By Andrew Gray and Bart Biesemans
VREDEPEEL, Netherlands (Reuters) – NATO wrapped up a major anti-drone exercise this week, involving Ukraine for the first time, as the Western alliance urgently seeks to learn from the rapid development and widespread use of unmanned systems in warfare there.
The exercises at a Dutch military base, involving more than 20 countries and some 50 companies, tested state-of-the-art systems for detecting and countering drones and assessed how they work together.
The 11-day exercise ended with a demonstration of drone jamming and hacking in a week that once again demonstrated their pivotal role in the Ukraine war.
On Wednesday, a major Ukrainian drone strike caused an earthquake-sized explosion at a major Russian arsenal. The next day, Russian President Vladimir Putin said Moscow was increasing drone production tenfold to nearly 1.4 million this year.
The proliferation of drones in warfare (to destroy targets and monitor the battlefield) has led NATO to pay greater attention to the threat they could pose to the alliance.
“NATO takes this threat very, very seriously,” said Matt Roper, head of the Joint Intelligence, Surveillance and Reconnaissance Center at the alliance’s technology agency.
“This is not an area where we can afford to sit back and be passive,” he said at the exercise site, Lieutenant General Best’s headquarters in the eastern Netherlands.
Experts have warned NATO that it needs to catch up quickly on drone warfare.
“NATO has too few drones for a high-intensity fight against a peer adversary,” the Centre for European Political Analysis (CEPA) think tank said in a report last September.
“It would be very difficult to effectively integrate those you have in a contested environment.”
EVOLUTION OF THE THREAT
The drills that ended Thursday (with ice cream for spectators provided by a radar company) were the fourth annual iteration of the exercise.
Claudio Palestini, co-chair of a NATO working group on unmanned systems, said the exercise had adapted to trends such as the transformation of FPV (first-person view) drones, originally designed for civilian racers, into lethal weapons.

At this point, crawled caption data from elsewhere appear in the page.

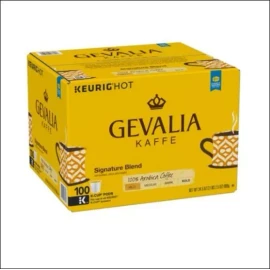 Gevalia Signature Blend Coffee K-Cup Pods (100 count)
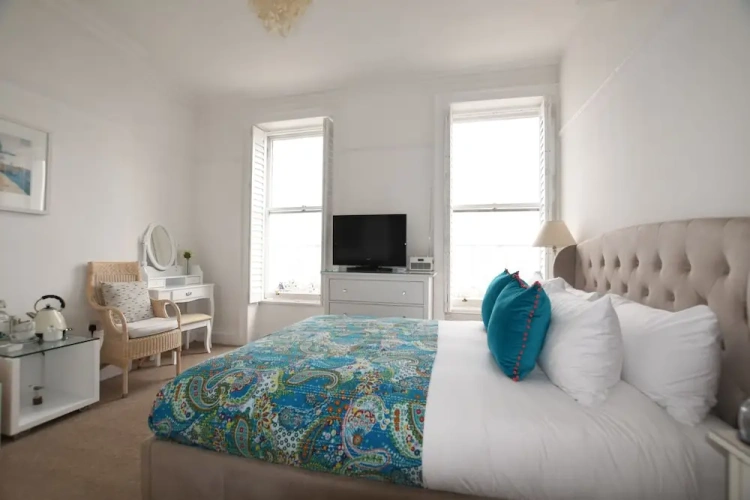 Deluxe Double room with balcony and with sea view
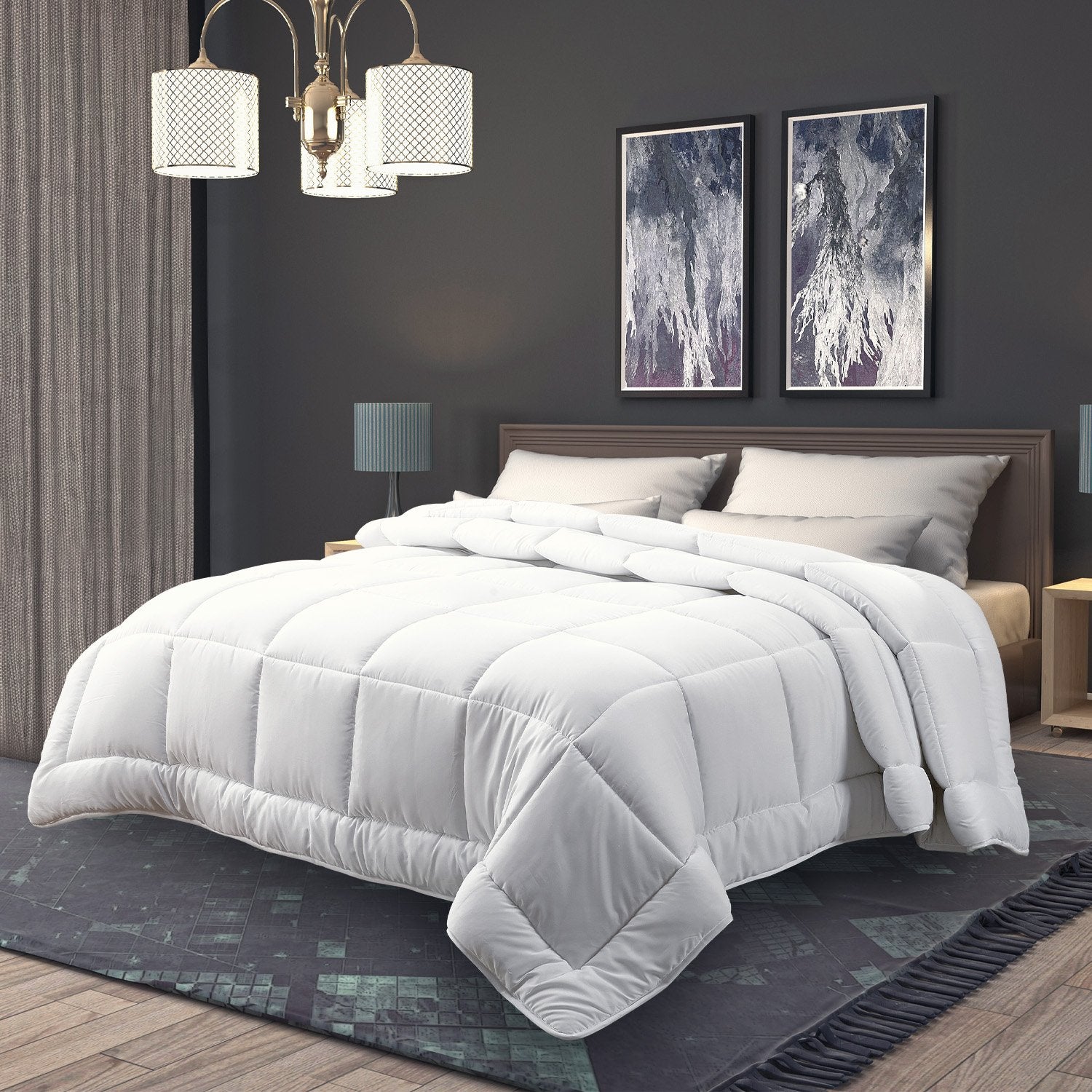 Laura Hill Super King Goose Down Feather Comforter 700GSM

“Every year we see an evolution of the threat with the introduction of new technologies,” he said. “But we also see that many capabilities (to counter drones) are becoming more mature.”
In a demonstration on Thursday, two small FPV drones whirred and whined at high speed through the blue sky to circle an all-terrain military vehicle before their signal was blocked.

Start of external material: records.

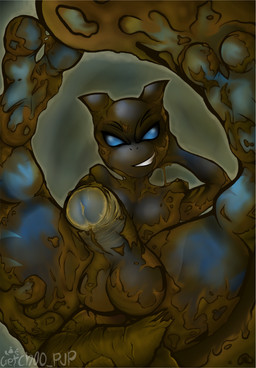 ambiguous_gender anthro anus feces female genitals intersex intersex/intersex male male/female male/male penis smearing smegma solo temptation getchoo_pup nintendo pokemon generation_1_pokemon legendary_pokemon mewtwo pokemon_(species) shiny_(disambiguation) absurd_res hi_res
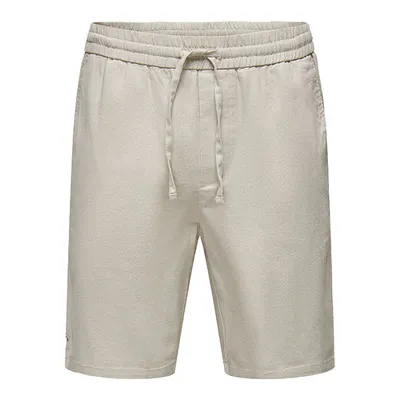 Men's Cotton-Linen Loose Fit Short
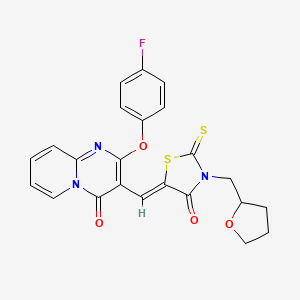 2-(4-fluorophenoxy)-3-{(Z)-[4-oxo-3-(tetrahydrofuran-2-ylmethyl)-2-thioxo-1,3-thiazolidin-5-ylidene]methyl}-4H-pyrido[1,2-a]pyrimidin-4-one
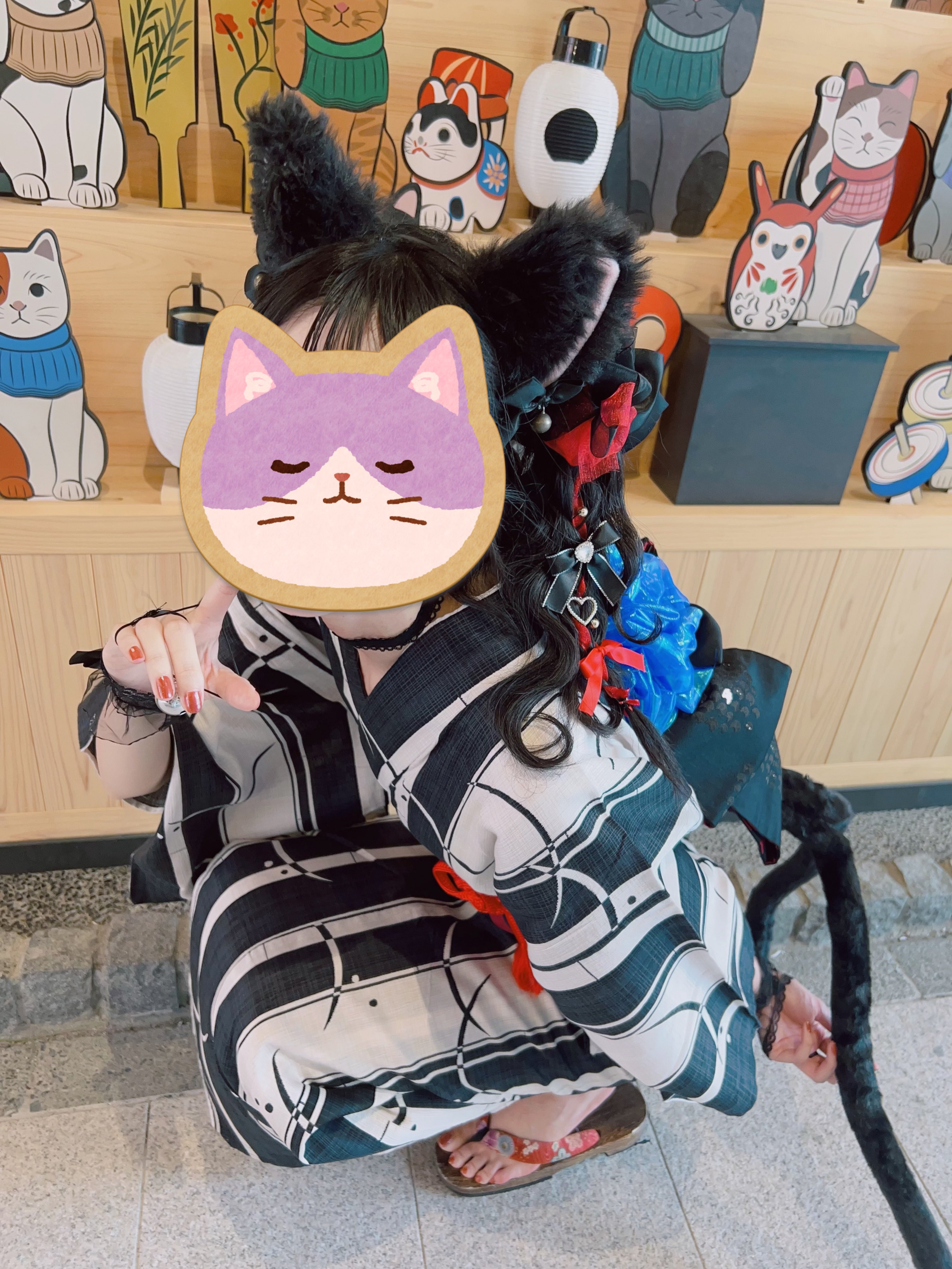 にじさんじ　三枝明那　コスプレ　妖怪万化　猫又　衣装 にじさんじ 三枝明那 コスプレ 妖怪万化 猫又 衣装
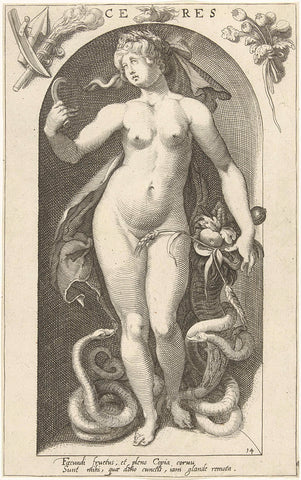 Ceres, Nicholas Braeu, 1598 Canvas Print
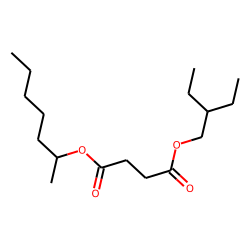 Succinic acid, hept-2-yl 2-ethylbutyl ester
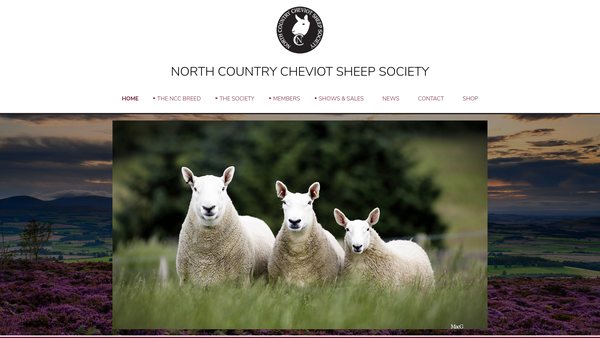 Screenshot of the North Country Cheviot Sheep Society website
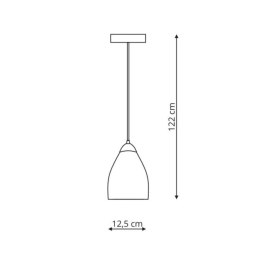 Lampa wisząca Niki 1xE14 dymna LP-567/1P dym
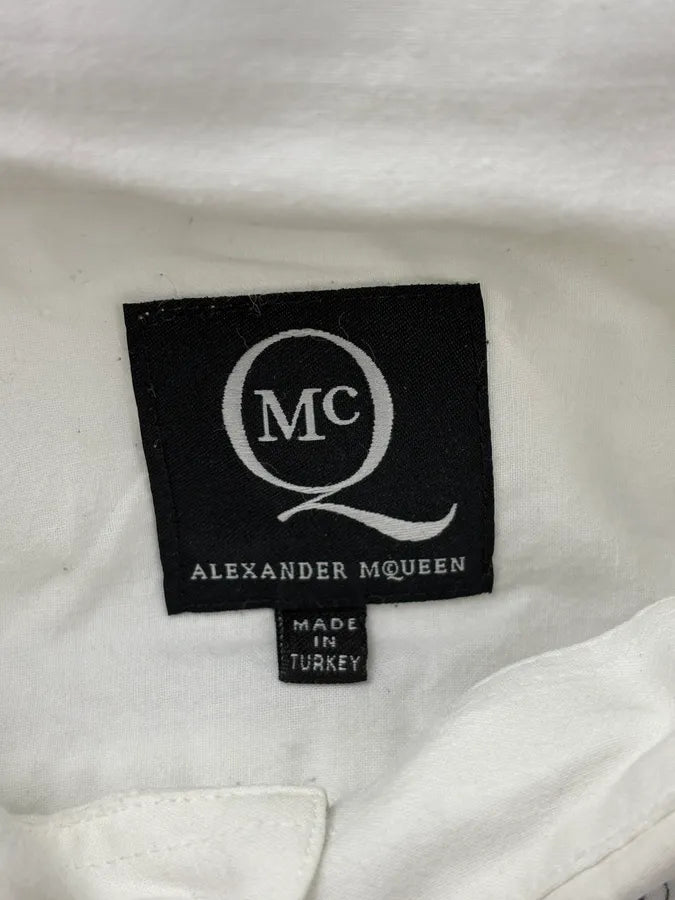 SS2012 Alexander McQueen White Botanical Floral Shirt MqXvErN 12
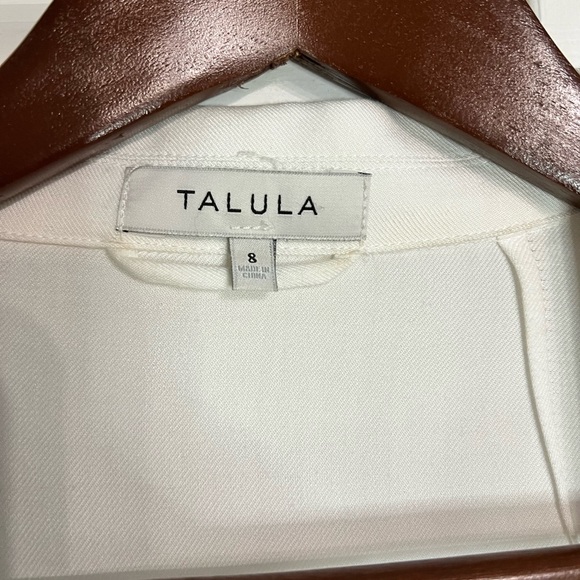 Talula by Aritzia White Blazer, Size 8 - Picture 3 of 6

This type of electronic warfare is widespread in Ukraine, but is less effective against long-range reconnaissance drones, according to a technology developer at the Ukrainian Ministry of Defense.
The official, who gave only his first name, Yaroslav, for security reasons, said his team had developed kamikaze drones to destroy such ships, a much cheaper option than firing missiles, as Ukraine has done previously.
“We have to move fast,” he said of the race to counter the impact of drones. “The technology that is developed lasts three months, maybe six months. After that, it becomes obsolete.”